Dataset records →
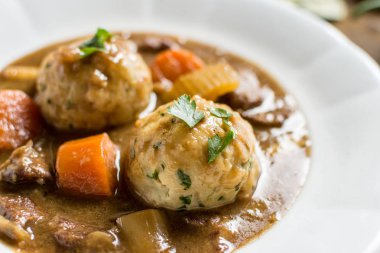 Geyik eti ve domuz pastırması soğan köfte ile güveç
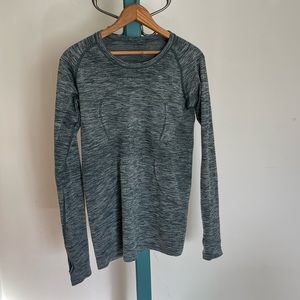 Lululemon swiftly long sleeve top size 8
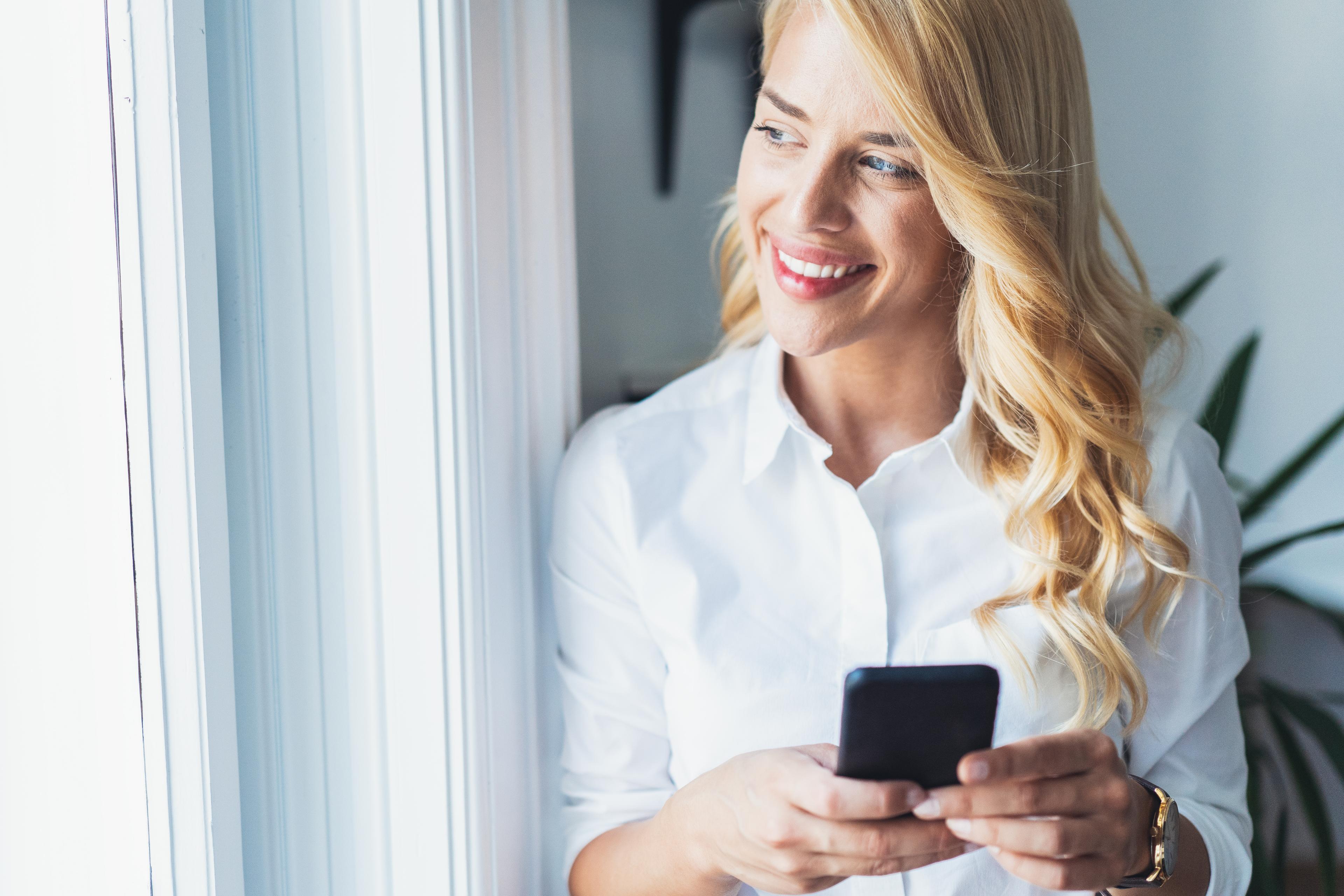 Agent messaging a client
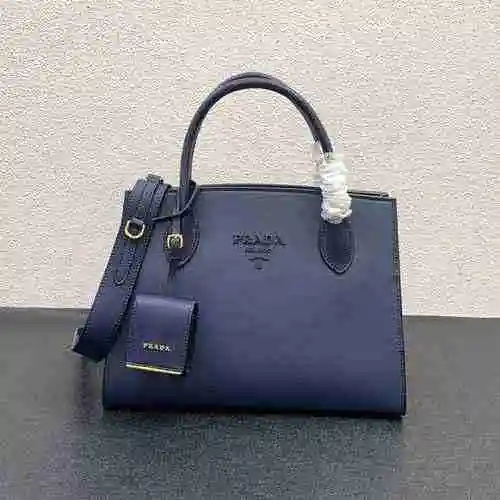 El bolso está hecho de piel de vaca original importada, con una bolsa de regalo de entrega de alta c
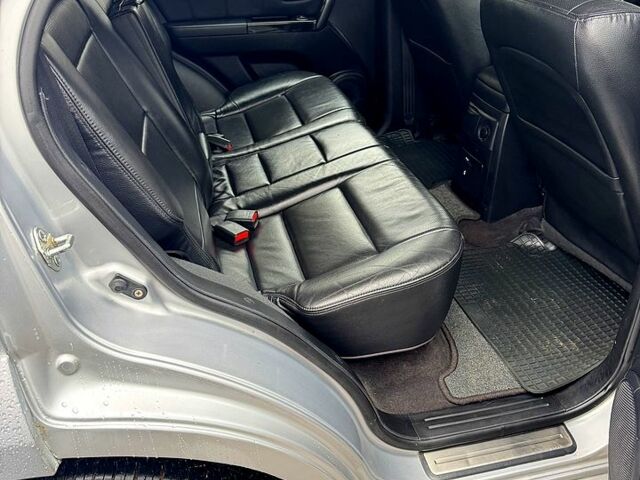 Серый Киа Соренто, объемом двигателя 2.5 л и пробегом 240 тыс. км за 6000 $, фото 10 на Automoto.ua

Problem details → The records above are to be restated word for word, excluding all pictures.

Task response →
 Geyik eti ve domuz pastırması soğan köfte ile güveç
 Lululemon swiftly long sleeve top size 8
 Agent messaging a client
 El bolso está hecho de piel de vaca original importada, con una bolsa de regalo de entrega de alta c
 Серый Киа Соренто, объемом двигателя 2.5 л и пробегом 240 тыс. км за 6000 $, фото 10 на Automoto.ua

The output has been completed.